_Problem requirements_
Make an exact copy of the listing so that no picture is carried over.

_Provided material_
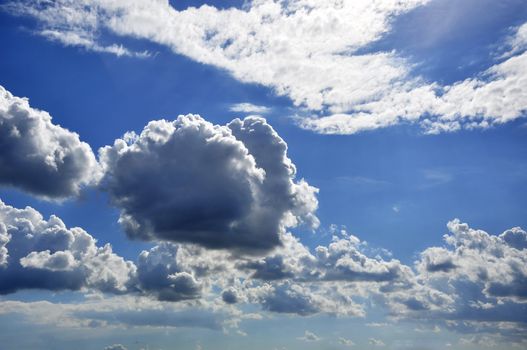 white clouds against blue sky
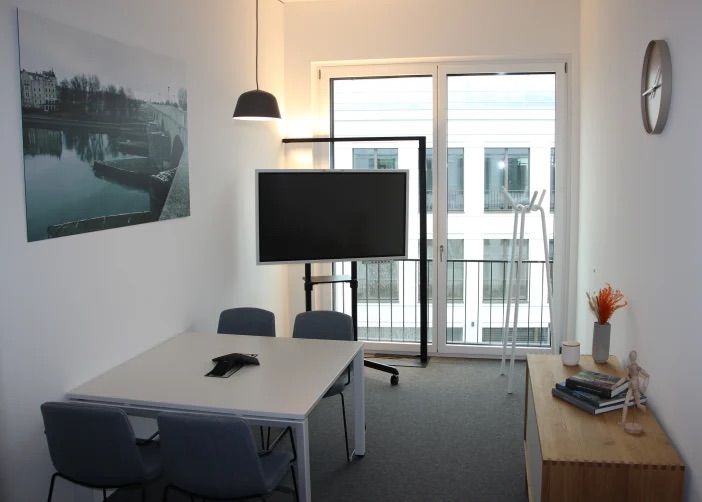 Besprechungsraum mit Konferenztisch, Bildschirm, Fensterfront und Wandbild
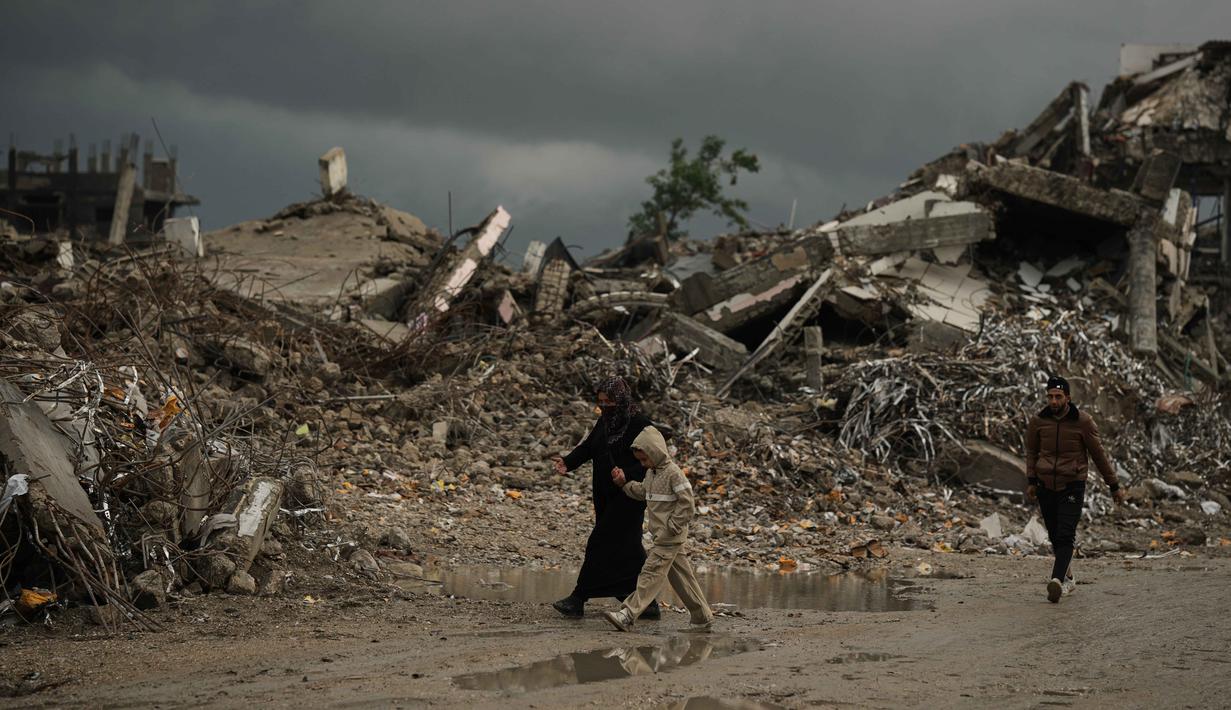 Warga Palestina berjalan melewati reruntuhan di tengah cuaca buruk Kota Gaza, Kamis 11 Desember 2025. Bencana baru mengancam ratusan ribu warga Palestina yang mengungsi di Jalur Gaza. (AP Photo/Jehad Alshrafi)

_Answer section_
 white clouds against blue sky
 Besprechungsraum mit Konferenztisch, Bildschirm, Fensterfront und Wandbild
 Warga Palestina berjalan melewati reruntuhan di tengah cuaca buruk Kota Gaza, Kamis 11 Desember 2025. Bencana baru mengancam ratusan ribu warga Palestina yang mengungsi di Jalur Gaza. (AP Photo/Jehad Alshrafi)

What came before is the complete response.